Wexler stands by his group’s findings. “The goal was to provide the information so discussion can be informed by facts,” he said. “We have done that, and that is why I am shocked by the vehement response to discredit us.”
The study, which has been four years in the making, began in 2009, when the Council of Religious Institutions of the Holy Land — a consortium of the senior leaders of Islam, Judaism and Christianity based in Jerusalem — commissioned Wexler, who is American, and his Israeli and Palestinian colleagues to design and conduct the research project with a $590,000 State Department grant.
Following years of regular but fragmentary attacks by Israel and its supporters — including testimony before Congress — on alleged hate passages that they claim permeate Palestinian textbooks, this study was designed to be nothing if not comprehensive. And unusually, it was designed to examine the textbooks of both sides, not just the Palestinians.
The researchers examined 94 books from Palestinian school systems in Gaza and the West Bank, and 74 books from the Israeli state secular and state religious school systems, analyzing 1,000 categories of information, such as narrative passages, poems and photos.

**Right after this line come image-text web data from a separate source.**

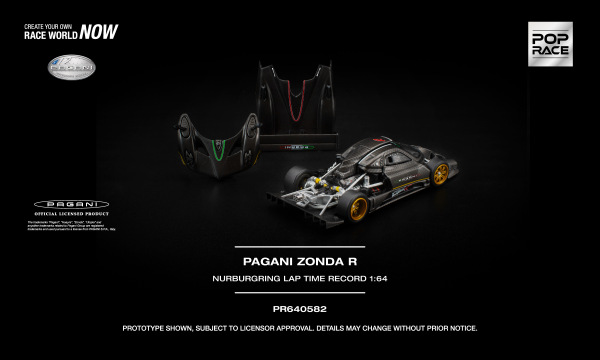 PAGANI ZONDA R NÜRBURGRING LAP TIME RECORD (POP RACE, PR640582) 2
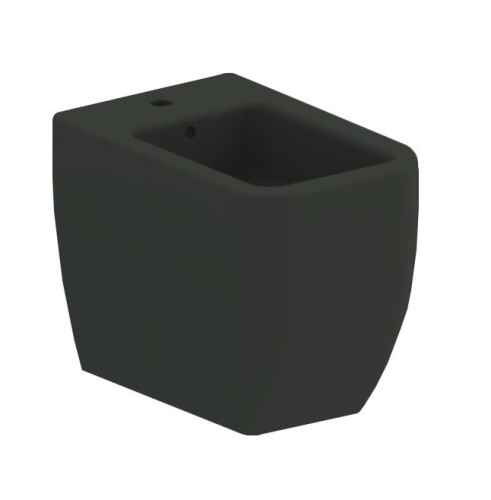 Биде Scarabeo TEOREMA 2.0 напольное с одним отверстием цвет черный матовый 5139 49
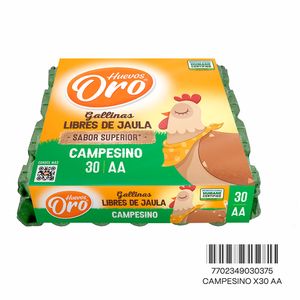 Campesino Termoencogido Oro Aa X30 Unidades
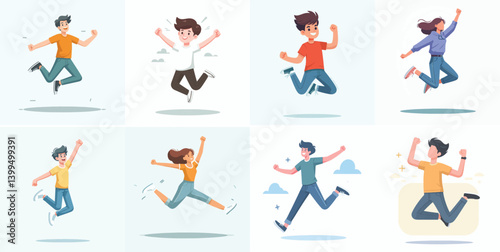 Jumping for Joy: A Collection of Cheerful Characters
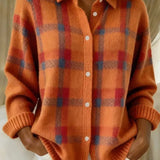 Megan | Oversized Button Knitted Cardigan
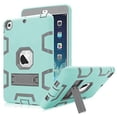 thumbnail image 1 of Mignova pour iPad Mini 1/2/3 Étui, Robuste Antichoc Résistant aux Impacts Convivial pour Enfants Étui Hybride Robuste de Protection avec Support Intégré pour Apple iPad Mini 1/Mini 2/Mini 3 (Gris/aqua), 1 of 6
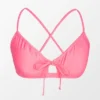 Women's Tunneled Pink Bralette Bikini Top - Cupshe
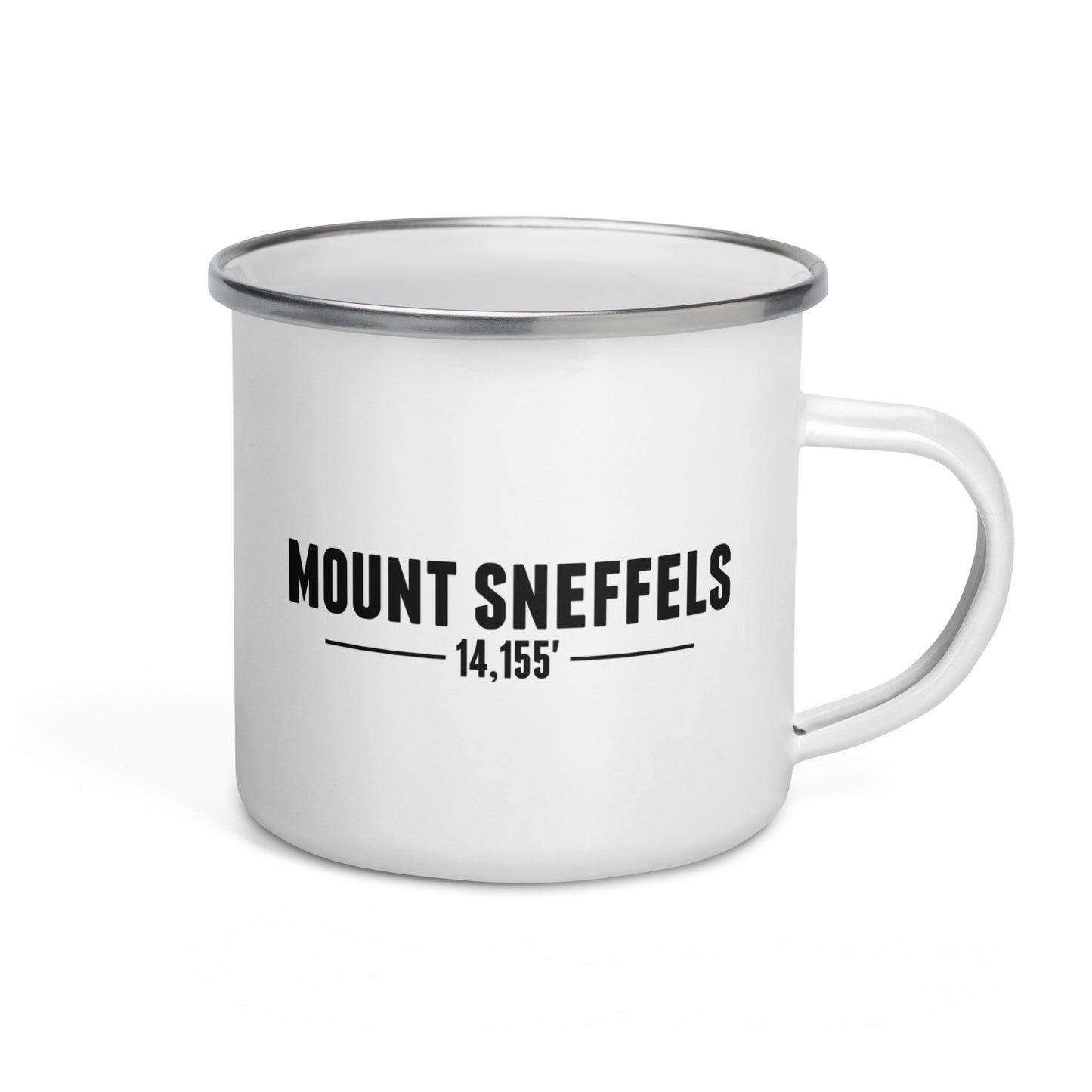 Mount Sneffels Base Camp Enamel Mug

While the relative absence of “extreme negative characterization” of the other by both sides rose to the top of the researchers’ findings, the study found that both Israeli and Palestinian textbooks portrayed the other as the enemy, and each collection of textbooks presented their own respective group in almost exclusively positive terms.
The study also found a deep lack of information about the other in each side’s books. The negative depictions and omissions of the other are most pronounced in books used in Israel’s Orthodox religious schools and in Palestinian books. Israeli secular books were found to be the most self-critical of the three categories.